So they take pride in their little moments, short dinners, and games in the street. And every single one of those momentary diversions only underscores just how dire their situation is. “Transit” is probably the only movie based on a World War II novel to include a pointed reference to the plight of the zombies in George A. Romero’s “Dawn of the Dead,” who keep going to the shopping mall even though they’re already deceased.

Aside from a few modern references, and the make and model of the cars, you’d be forgiven for thinking “Transit” was still a period piece. The plot makes little use of modern technology, and the surroundings are all empty of modern conveniences and distractions. The production design by Kade Bruger (“Phoenix”) and set decoration by Aurelie Combe, working in tandem with natural, classical lighting and framing by cinematographer Hans Fromm (“Phoenix”), depict a Europe that has physically regressed along with its politics.

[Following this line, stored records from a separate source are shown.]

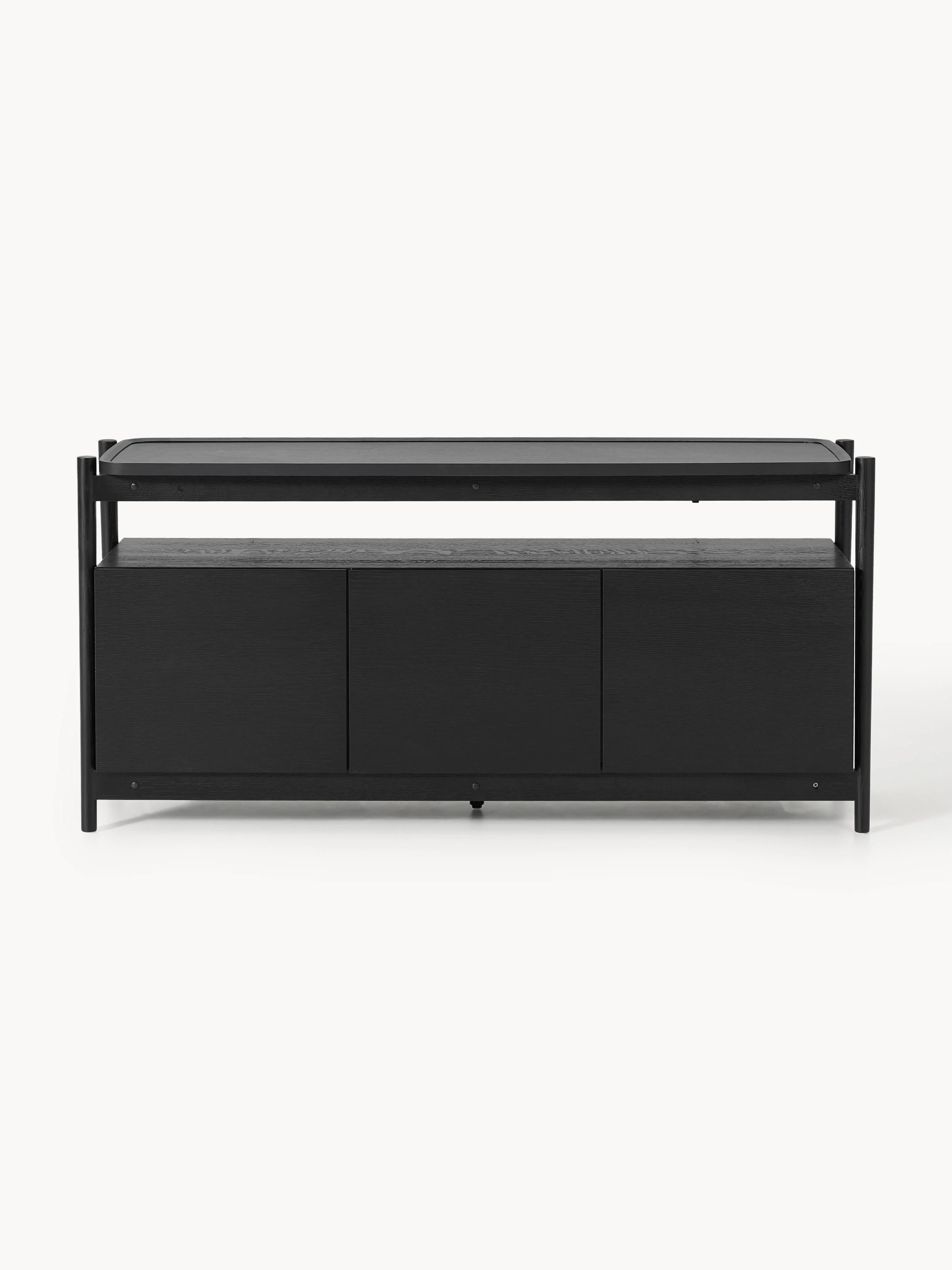 Holz-Sideboard Libby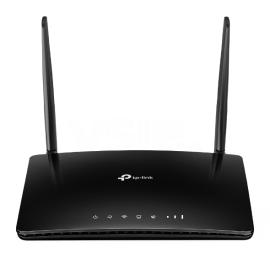 TP-Link TL-MR6500v 4G LTE WiFi Router TP-Link TL-MR6500v 4G LTE WiFi Router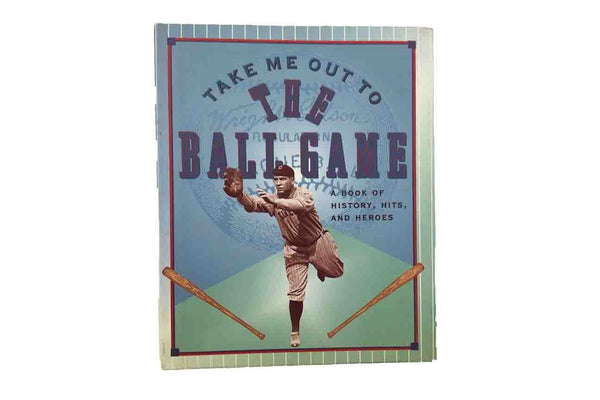 Rainbow Fabrics GB: Take Me Out to the Ball Game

The characters are alive today, but they live in the past, and the simple fact that Seghers’ story about people trapped on the edge of a world teetering into institutionalized evil feels like it could — with a few minor adjustments — have been written right now would have been frightening enough. But the potent and complicated performances by Rogowski and Beer make “Transit” feel less like an exercise and more like an invaluable text, a universal depiction of cyclical misery in which are all either mired or blindly about to enter.

“Transit” lacks the pulpy punch that Michael Curtiz gave to “Casablanca,” so it’s unlikely to “please” any crowd. But it always feels seductively dangerous, as though making it might have been an act of political defiance, and watching it could, with only a few horrible changes to our current political climate, be against the law. The film’s empathy for the unwanted, its frustration at the system, and its uncompromising depiction of people trying to do the right thing when fate clearly has other plans, registers with real power.